Lisboa, 20 de Novembro de 2025
Nuno Teixeira
_________________________________________________ [1] O dever de colaboração “impende sobre os diversos intervenientes processuais (magistrados, mandatários, partes ou terceiros para tanto judicialmente convocados ou instados) de prestarem a sua cooperação ativa no sentido da obtenção, com celeridade e eficácia, da justa composição do litígio (art. 7º, nº 1 do CPC)” – cfr. FRANCISCO FERREIRA DE ALMEIDA, Direito Processual Civil, volume I, 4ª Edição, Coimbra, 2025, pág. 117. [2] Cfr. ABRANTES GERALDES, PAULO PIMENTA e PIRES DE SOUSA, Código de Processo Civil Anotado, Volume I, 4ª Edição, Coimbra, 2025, pág. 606. [3] Cfr. FRANCISCO FERREIRA DE ALMEIDA, Ob. Cit., pp. 118-119. [4] Cfr. TRL, Ac. de 06/07/2021 (proc. 139/21.9T8LSB-A.L1-7), disponível em www.dgsi.pt/jtrl. [5] Cfr. neste sentido, TRL, Ac. de 09/01/2023 (proc. 10485/20.3T8SNT-G.L1-1) e TRG, Ac. 12/01/2017 (proc. 304/13.2TBPTL-U.G1), disponíveis, respectivamente, em www.dgsi.pt/jtrl e www.dgsi.pt/jtrg. [6] Neste sentido ver TRP, Ac. de 07/03/2022 (proc. 1720/20.9T8PRD-A.P1), TRG, Ac. de 25/11/2021 (proc. 3739/20.0T8BRG-A.G1), TRL, Ac. de 06/07/2021 (proc. 139/21.9T8LSB-A.L1-7), já citado, TRG, Ac. de 24/10/2019 (proc. 4881/18.3T8GMR.G1) e TRC, Ac. de 10/04/2015 (proc. 561/08.6TBTND-A.C1), todos disponíveis em www.dgsi.pt. [7] ABRANTES GERALDES, PAULO PIMENTA e PIRES DE SOUSA, em Código de Processo Civil Anotado, volume I, pág. 608, referem que esta ponderação “se rege necessariamente pelo princípio da proibição do excesso ou da proporcionalidade (artigo 18º, nº 2 da CRP), o qual se desdobra nos subprincípios da adequação ou da idoneidade, da exigibilidade ou da necessidade e da justa medida ou da proporcionalidade em sentido estrito” e que tal ponderação concreta deve ser efectuada “entre o direito à prova da parte onerada com o ónus da prova e a finalidade e âmbito de proteção da regra que determina o sigilo, aquilatando se, no caso, o apuramento da verdade dos factos deve prevalecer sobre o dever de sigilo (princípio da prevalência do interesse preponderante)”.
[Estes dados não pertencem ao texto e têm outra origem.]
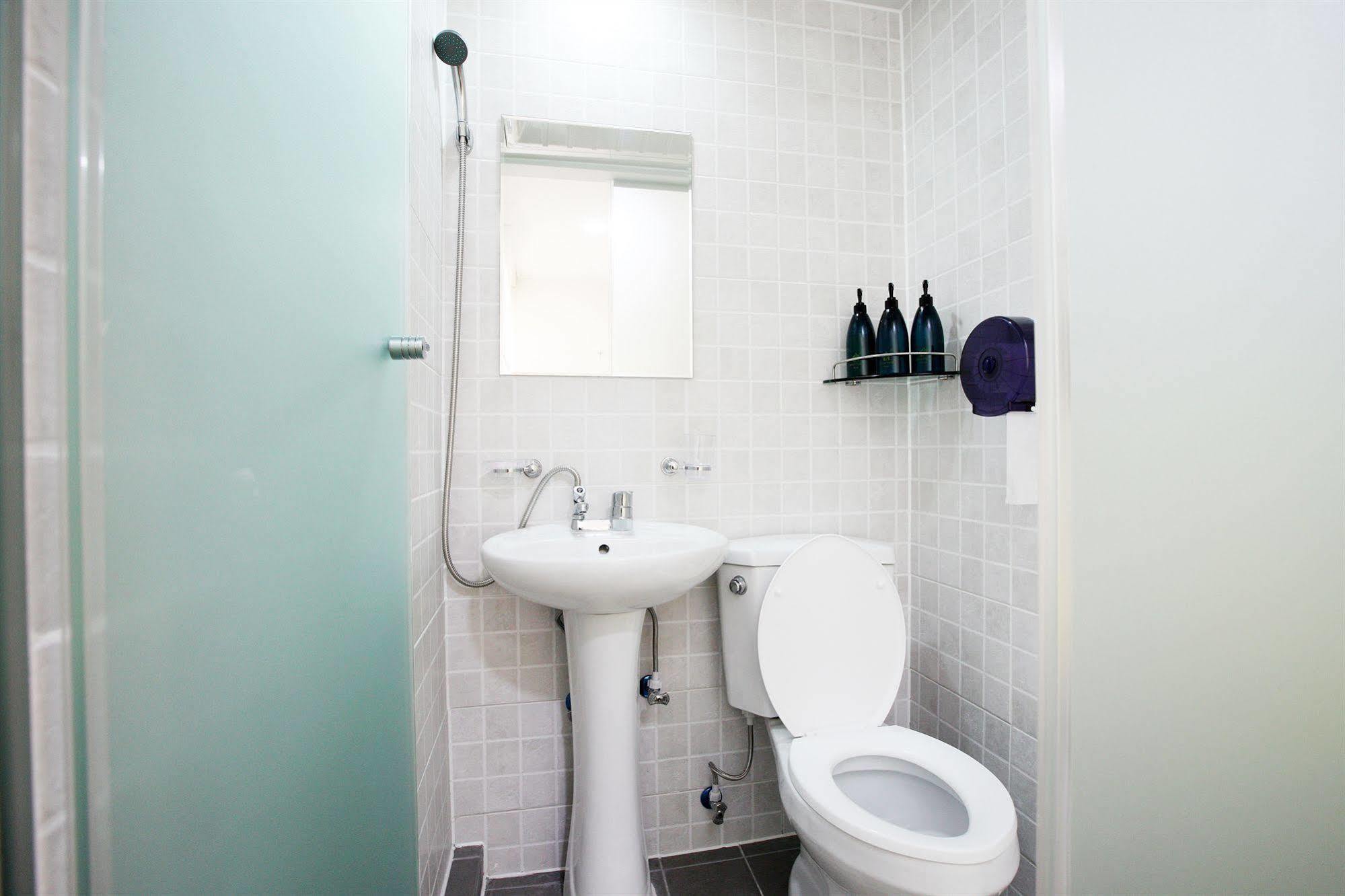 Guest house 24 Myeongdong Avenue 2*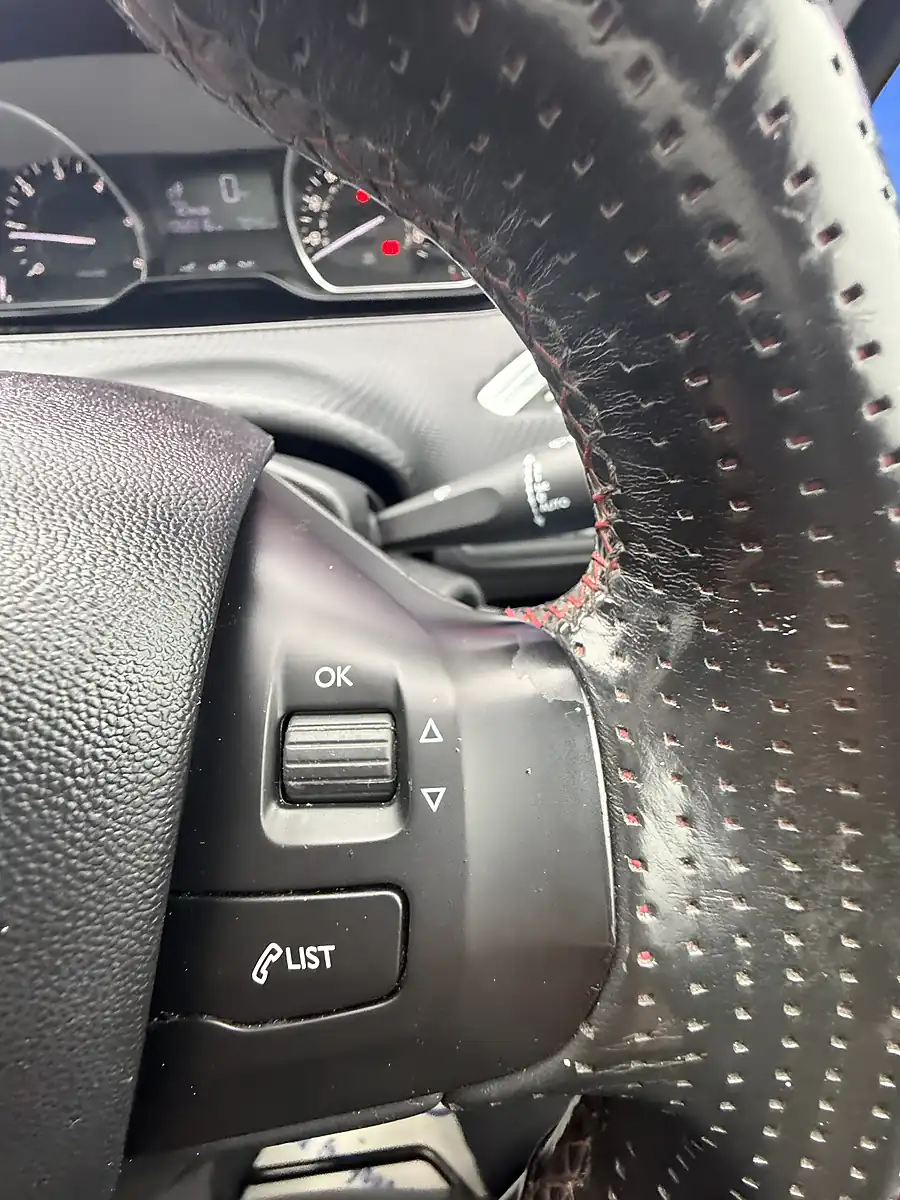 Used 2015 Peugeot 208 GT Line White - Interior and Exterior details 18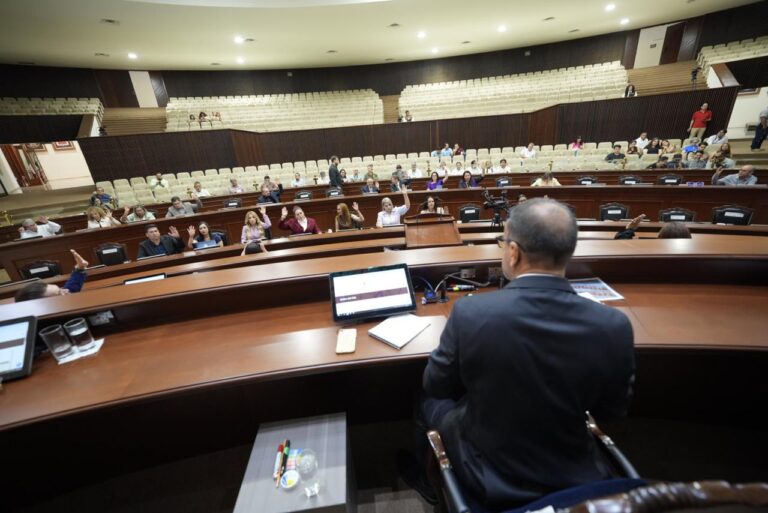 De espaldas aparece presidente de Mesa Directiva y frente a él sus compañeros sentados en sus lugares.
Na jurisprudência, ver TRL, o Ac. de 06/07/2021, já citado, bem como os Acs. de 24/04/2025 (proc. 10868/23.7T8LSB-A.L1-6) e de 12/09/2025 (proc. 13389/22.1T8LSB-A.L1-1), e ainda TRC, Ac. de 08/10/2024 (proc. 8426/23.5T8VNG-A.C1), todos disponíveis em www.dgsi.pt. [8] ABRANTES GERALDES, PAULO PIMENTA e PIRES DE SOUSA, Código de Processo Civil Anotado, volume I, pág 609. [9] Cfr. TRP, Ac. de 26/06/2025 (proc. 3483/23.7T8VFR-A.P1), disponível em www.dgsi.pt/jtrp.